(Archived) The PDF file size mystery...

I posted somewhere here a while ago about a mysterious saving in file size when a PDF is OCR'd. I now have an answer, but can't find the original post (!) so FWIW here's the problem (again, sorry) and my current take on the answer.

I use a ScanSnap S1500 and scan to file so I can change filenames to my own system. My SSManager is also set to make the PDF searchable - ie to OCR the file on the fly. That slows down progress slightly, but when I'm 'batch' scanning, it also gives me just about enough time to look at the original so I get the saved name correct, and set up the next document for scanning. The file compression in SSManager is set to medium, which seems to give no problems and avoids mega-size files.

After an upgrade to SSManager some time ago the OCR process shortened considerably, and as a belt and braces test I decided to OCR a large saved file again to check that it had been properly processed the first time around. To my surprise the file size dropped by 10-15% after this second processing, which worried me even more - what had I broken?

(Here's a tip for free - if you're testing anything in this area, make sure you don't shred the original before you mess with the only electronic copy in your possession - or work with a copy of the file...)

Anyhow I've been lurking around Adobe fora trying to work out why the file size drops after a second OCR - meantime I've been doing that routinely on large files to save the extra overhead.

Come today I installed some new drivers on my system (I'm now up to 3 screens and loving it..) - and lost my ScanSnap. OK - reinstall that too. In course of which I reminded myself that the OCR process is run via the wonderfully named ABBYY Finereader, and not Adobe.

Although ScanSnap give you a copy of Acrobat 9.0 - maybe to partially justify the eyewatering price of the machine; they don't actually use Adobe to OCR the scan.

So when the searchable PDF file prepared by ABBYY goes through the Adobe mill, it gets ground a little smaller by software which is just that bit more compliant with the PDF Standard.
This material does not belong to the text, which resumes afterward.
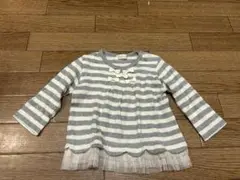Item thumbnail for item c068094a-3bc0-43ef-b241-830981d1fcfe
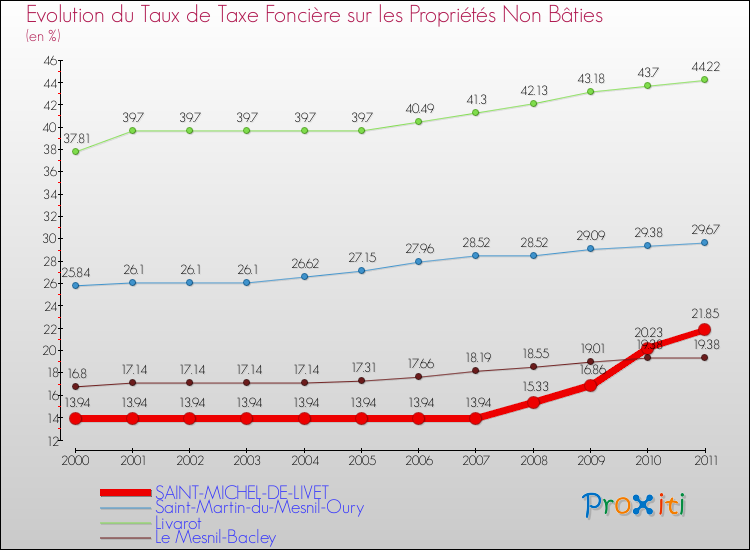 Evolution du taux de la taxe foncière sur les immeubles et terrains non batis pour SAINT-MICHEL-DE-LIVET et les communes proches Comparaison des taux de la taxe foncière sur les immeubles et terrains non batis pour SAINT-MICHEL-DE-LIVET et les communes voisines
So the moral of the story is - Adobe seems to be the 'best' OCR software around in terms of producing a smaller, searchable PDF file. And I haven't, as has been my nagging worry for weeks, been systematically messing up the files I've been saving, or storing up a massive re-OCR problem for myself. I'll stop double-OCR-ing large files unless it's the end of the usage month and I'm having capacity problems, and just sit back and enjoy the view from my desk.

Or I suppose I could scan to file and then batch OCR all those files before I upload.. decisions, decisions


"Or I suppose I could scan to file and then batch OCR all those files before I upload.. decisions, decisions"

I do this. I want my own titles, and I prefer to run OCR when I am not doing anything else. The machine hums away doing its work and doesn't affect my scanning speed.